As a guitarist, Brown’s playing currently seems to draw from the same wellspring as his fellow Brit Matt Scholfield; sharing as it does a deeply rooted Blues feel that is tastefully spiced up with neatly placed modal phrases. The inventive solo on ‘Speechless’ which kicks off Oli’s current live CD and DVD set balances aggressive Hendrixian moves with a neat switch to smooth jazzy-sounding Dorian licks; the tone, phrasing and articulation of which are flawless.
Insisting that he has no deep knowledge of scales or harmony, Oli explains that his prodigious technique is down to one key element, constant practice. His ability to step outside the confines of the pentatonic box stems from his practice of using recording software to isolate any guitar solos that he particularly likes, slowing them down and learning them by ear before gradually assimilating them into his own playing. This process of gradual analysis his given Oli the ability to navigate his way nimbly through chord changes that might otherwise stump those like himself who haven’t formally studied musical theory and his patience and determination have rewarded him with a style that makes him one of the most melodic and accomplished players currently working on the Blues circuit.

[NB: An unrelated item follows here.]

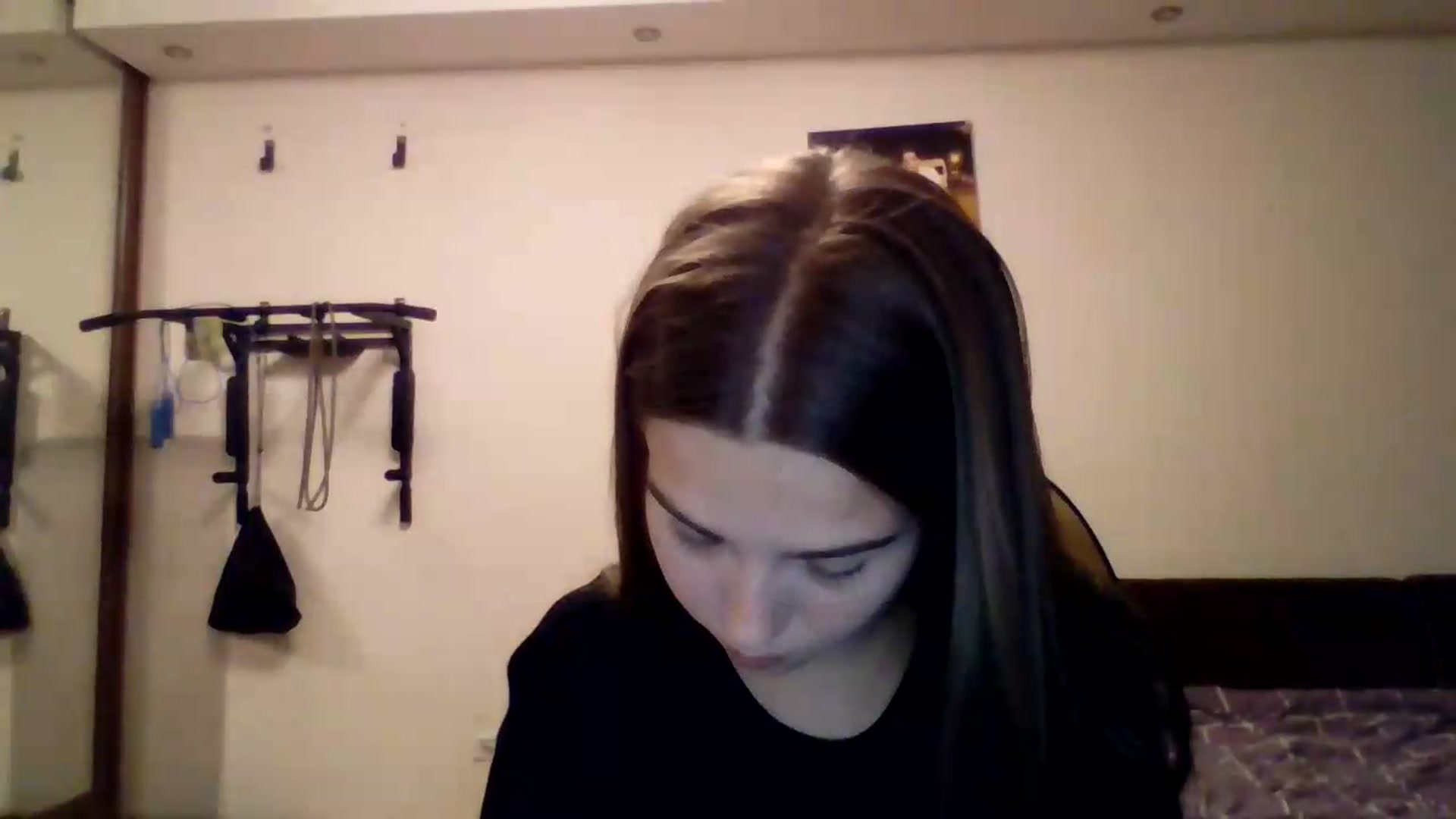 Gallery image thumbnail from ElariaVee's myfreecams stream on, 08/26/2026, 17:59 image 16 of 20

Brown's thick raspy lead tone nevertheless owes an obvious debt to Jimi Hendrix but his choice of gear sidesteps the more usual Strat and Marshall combination in favour of a more individual setup. His current amp of choice is a British-made Volt Amp Co Overdrive Super, which is based on the fabled – and ultra-rare - Dumble Overdrive Specials as used by Larry Carlton, Stevie Ray Vaughan and Robben Ford, to name but a few. The Overdrive Super combines simplicity with an outstanding build quality, plus a couple of cool features that Oli employs to help give his solos an extra edge, both in the studio and onstage. “It’s an amazing amp!” he enthuses, “I just love the clean sounds, it’s got lots of headroom and the overdrive is just fantastic!”
One of the favourite facilities on his amp is the pre-amp boost that bypasses the tone controls; the idea being it pushes the clean channel whilst retaining the amp’s natural depth and warmth. The pre-amp boost mode leaves just the channel volume and the master volume in play, with a switchable volume boost on hand to further enhance the preamp boost’s fat natural tone. The Volt shares stage space with a Blackstar HT Stage 60.
Like many discerning tone-hounds Oli is a fan of vintage guitars, amplifiers and effects “but they are very expensive”, so like many guitarists his current effects setup comprises high quality stomp boxes that still help him capture the vintage tones he loves.
As for guitars, you'll often find Brown toting a Tele, but just as likely a handbuilt Vanquish signature model, which sports a mahogany body and neck and a pair of P90s, played with a thumb-pick. As a major-league big Hendrix fan he uses a Roger Mayer Octavia - a quirky fuzz pedal that introduces an octave above the fundamental note - in conjunction with a Roger Mayer Voodoo Vibe for generating evocative ‘Machine Gun’ style Leslie style chorus effects. Other key elements on the Oli Brown pedalboard are a Black Cat Bee Buzz fuzz pedal - a replica of the original Roland Bee Baa fuzztone with improved circuitry that reduces the original unit’s propensity to produce excessive noise and thus improve the overall tone and an Xotic EP Booster, which Oli insists he leaves switched on all the time. “It’s an amazing pedal, hands down.” Oli says, “It adds so much character to the guitar, it seems to open all of the guitar frequencies ranges, it opens out the bottom and the top. It makes the guitar sound bigger and I love it for that reason alone. That pedal would go with me everywhere.” These are on a board along with a collection of contemporary faves which include pedals by T-Rex, Wampler and Boss.
It's always premature to write off the Blues as a living force for guitarists and it looks like, thanks to a new generation of players like Oli Brown, that's its time is coming round again.